This element has no attributes, and allows no child elements. The <Pubdate> Element
The <pubDate> element, an optional child element of the <channel> element, contains the date at which the channel was published: <?xml version="1.0"?> <!DOCTYPE rss SYSTEM "http://my.netscape.com/publish/formats/rss-0.91.dtd"> <rss version="0.91"> <channel> <copyright>Copyright 2005.</copyright> <pubDate>Wed, 14 Dec 2005 07:00:00 GMT</pubDate> . . .

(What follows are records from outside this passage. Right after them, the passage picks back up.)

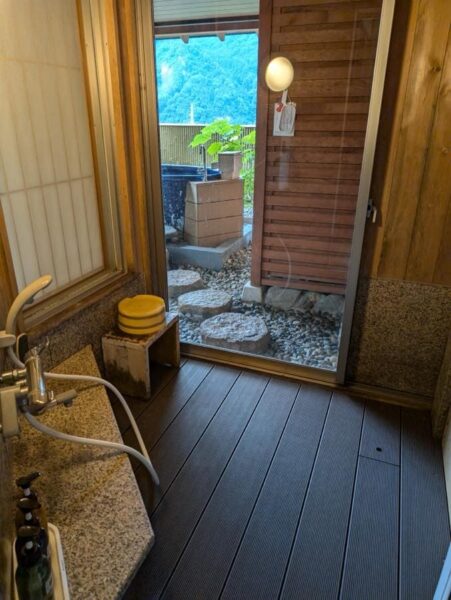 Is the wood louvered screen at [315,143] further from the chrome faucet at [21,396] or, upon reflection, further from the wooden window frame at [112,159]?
the chrome faucet at [21,396]

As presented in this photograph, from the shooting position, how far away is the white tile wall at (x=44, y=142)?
1.56m

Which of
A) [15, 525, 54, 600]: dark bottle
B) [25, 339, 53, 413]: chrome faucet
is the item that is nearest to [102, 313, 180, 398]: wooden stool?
[25, 339, 53, 413]: chrome faucet

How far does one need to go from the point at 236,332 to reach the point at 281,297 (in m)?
0.37

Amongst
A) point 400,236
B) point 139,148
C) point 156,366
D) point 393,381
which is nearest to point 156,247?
point 139,148

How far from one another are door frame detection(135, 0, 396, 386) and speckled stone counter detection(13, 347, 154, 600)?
109 centimetres

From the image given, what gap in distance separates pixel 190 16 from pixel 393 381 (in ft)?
7.05

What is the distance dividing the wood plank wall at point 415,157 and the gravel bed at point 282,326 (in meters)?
0.51

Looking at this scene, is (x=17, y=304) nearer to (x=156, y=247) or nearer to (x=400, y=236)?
(x=156, y=247)

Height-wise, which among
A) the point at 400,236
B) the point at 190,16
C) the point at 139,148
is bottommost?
the point at 400,236

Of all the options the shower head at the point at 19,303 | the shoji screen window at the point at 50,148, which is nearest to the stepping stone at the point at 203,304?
the shoji screen window at the point at 50,148

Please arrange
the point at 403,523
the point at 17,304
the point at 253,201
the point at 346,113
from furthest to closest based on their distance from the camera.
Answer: the point at 253,201
the point at 346,113
the point at 403,523
the point at 17,304

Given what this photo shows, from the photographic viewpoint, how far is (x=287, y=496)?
1637 mm

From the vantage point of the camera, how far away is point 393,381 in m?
2.21

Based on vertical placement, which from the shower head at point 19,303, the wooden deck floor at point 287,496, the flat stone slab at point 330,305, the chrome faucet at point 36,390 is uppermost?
the shower head at point 19,303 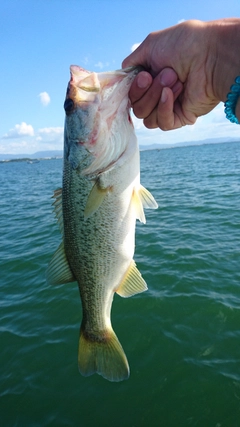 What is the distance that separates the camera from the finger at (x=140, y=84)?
8.54ft

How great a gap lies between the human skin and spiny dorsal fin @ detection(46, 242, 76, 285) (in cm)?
172

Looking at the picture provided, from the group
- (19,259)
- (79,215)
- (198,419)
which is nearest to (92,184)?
(79,215)

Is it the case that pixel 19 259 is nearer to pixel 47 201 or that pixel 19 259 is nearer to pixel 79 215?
pixel 79 215

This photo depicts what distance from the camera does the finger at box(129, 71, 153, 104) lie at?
260cm

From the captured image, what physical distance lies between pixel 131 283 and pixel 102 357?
0.83m

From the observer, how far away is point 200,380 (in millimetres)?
4887

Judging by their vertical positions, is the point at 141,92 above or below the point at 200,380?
above

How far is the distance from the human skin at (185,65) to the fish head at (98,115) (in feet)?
0.82

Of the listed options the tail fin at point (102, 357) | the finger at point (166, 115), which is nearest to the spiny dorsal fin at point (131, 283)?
the tail fin at point (102, 357)

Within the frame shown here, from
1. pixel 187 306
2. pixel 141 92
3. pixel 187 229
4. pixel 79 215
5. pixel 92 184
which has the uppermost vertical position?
pixel 141 92

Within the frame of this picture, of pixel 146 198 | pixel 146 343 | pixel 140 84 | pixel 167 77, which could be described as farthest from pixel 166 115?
pixel 146 343

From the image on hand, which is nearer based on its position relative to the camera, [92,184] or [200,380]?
[92,184]

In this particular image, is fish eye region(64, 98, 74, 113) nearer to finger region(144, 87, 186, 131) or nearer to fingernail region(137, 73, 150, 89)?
fingernail region(137, 73, 150, 89)

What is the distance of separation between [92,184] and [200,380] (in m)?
4.16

There's no special format for the date and time; that's up to you. The <pubDate> element has no child elements and no attributes. The <lastBuildDate> Element
As you can tell from its name, the <lastBuildDate> element contains the last time this document was written and published. <?xml version="1.0"?> <!DOCTYPE rss SYSTEM "http://my.netscape.com/publish/formats/rss-0.91.dtd"> <rss version="0.91"> <channel> <copyright>Copyright 2005.</copyright> <pubDate>Wed, 14 Dec 2005 07:00:00 GMT</pubDate> <lastBuildDate>Mon, 12 Dec 2005 07:00:00 GMT</lastBuildDate> . . . The <lastBuildDate> element is an optional child element of the <channel> element. It has no child elements and no attributes, so it's nice and simple. And there's no special format for recording the date. The last build date can be useful: Among other things, it tells your readers how often you update your feed (so if you don't update your feeds often, you might want to omit this element!). The <docs> Element
The <docs> element contains the URL for more information and a description of the channel. <?xml version="1.0"?> <!DOCTYPE rss SYSTEM "http://my.netscape.com/publish/formats/rss-0.91.dtd"> <rss version="0.91"> <channel> <copyright>Copyright 2005.</copyright> <pubDate>Wed, 14 Dec 2005 07:00:00 GMT</pubDate> <lastBuildDate>Mon, 12 Dec 2005 07:00:00 GMT</lastBuildDate> <docs>http://www.rssmaniac.com/steve/info.html</docs> . . .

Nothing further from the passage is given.